Em suma, os pequenos e médios bancos da Europa continuam a ser principalmente bancos comerciais. Os ativos de negociação financeira (especulação) representam menos de 5% dos seus balanços. Mas os mercados financeiros cresceram enormemente nos últimos 25 anos. Eles são dominados pelos maiores bancos que têm todos os incentivos para transacionarem cada vez mais títulos, mais e mais, e de forma cada vez mais rápida. A estrutura desses bancos mudou com a mudança nas suas atividades. O diagrama abaixo captura uma parte desta história. Estas mudanças têm implicações críticas para a gestão das crises. Os governos devem sempre tomar medidas para proteger os depositantes e os sistemas de pagamento porque, sem o dinheiro do crédito bancário, as nossas economias e sociedades deixam de funcionar – é uma fonte de risco sistémico. Contudo, os maiores bancos hoje também representam um risco sistémico devido à sua dimensão, conexões com o resto da economia e devido à sua complexidade. Estas características resultam das novas atividades que foram desenvolvidas no decorrer dos últimos 25 anos e são tipicamente referidas sob o título polivalente de bancos demasiado grandes para falirem. Por outras palavras, a falência desses bancos espalharia uma tal destruição nas economias que os governos não poderiam tolerar a sua falência. A questão para a gestão das crises é que medidas podem ser tomadas para proteger o resto da economia destas duas fontes de perigo. É disso que iremos falar a seguir. |
(continua)
Finance Watch, Europe’s banking trilemma. Why banking reform is essential for a successful Banking Union. Texto disponível em: http://www.finance-watch.org/our-work/publications/687-europe-banking-trilemma
Notas
[6] Texto que será editado mais adiante nesta série.
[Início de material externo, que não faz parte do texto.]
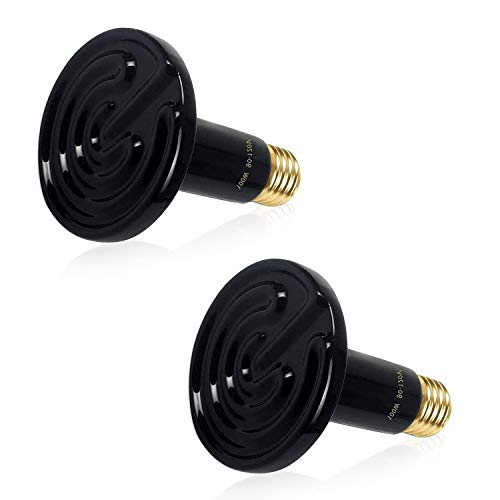 HANJION 100W 2 Pack Ceramic Heat Emitter Infrared Ceramic Heater Bulbs for Reptiles Heater Lamp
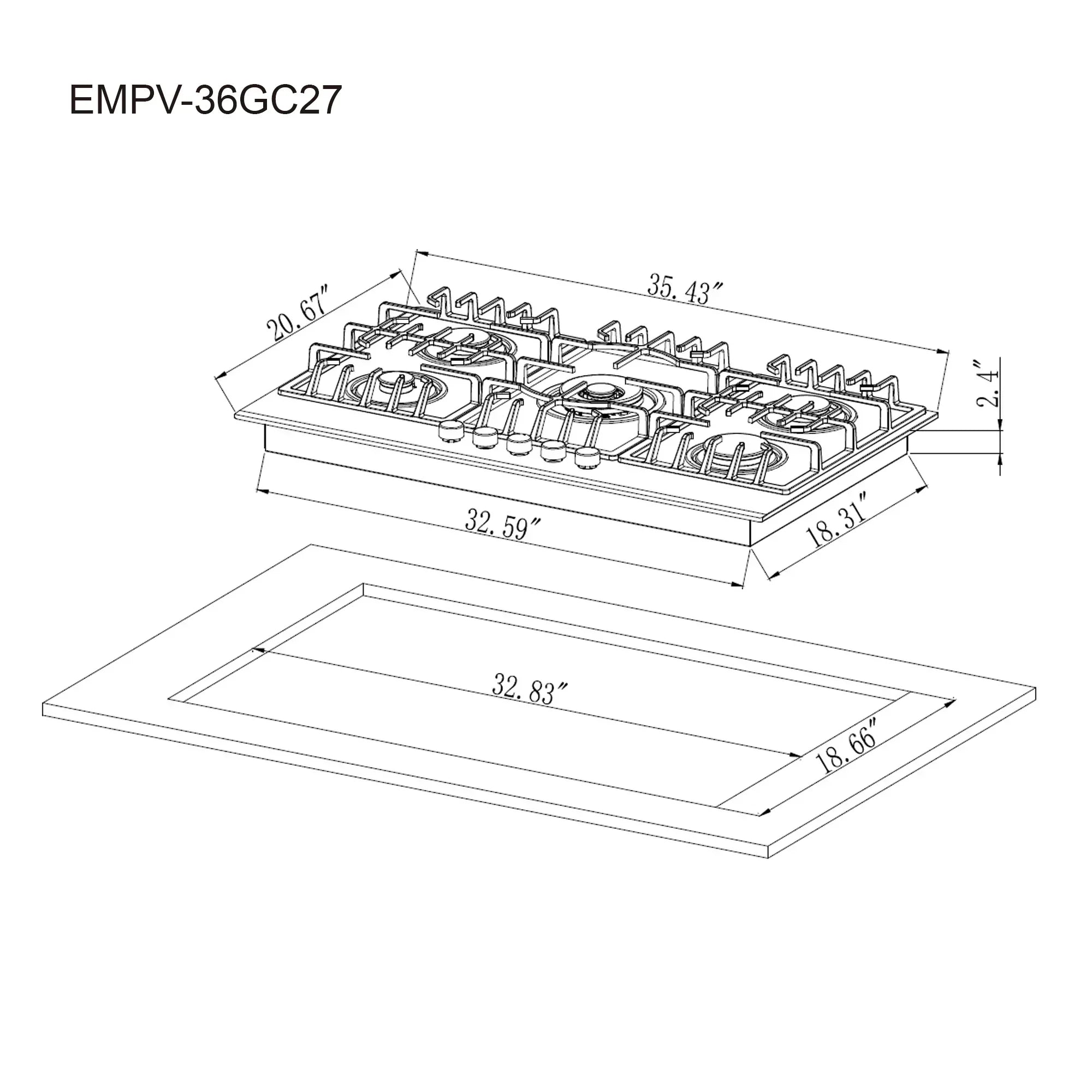 Empava 36-Inch Built-In Natural Gas Cooktops in Black (EMPV-36GC27)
[7] Uma definição frequentemente citada de financeirização é a de Epstein: «a financeirização significa o papel crescente dos motivos financeiros, dos mercados financeiros, dos intervenientes financeiros e das instituições financeiras no funcionamento das economias nacionais e internacionais.» (Epstein, 2005) Este processo também tem sido chamado de inflação do mercado financeiro (Toporowski, 2000)
[8] Os produtos derivados com a finalidade de servirem de cobertura para o próprio banco são mantidos fora do balanço.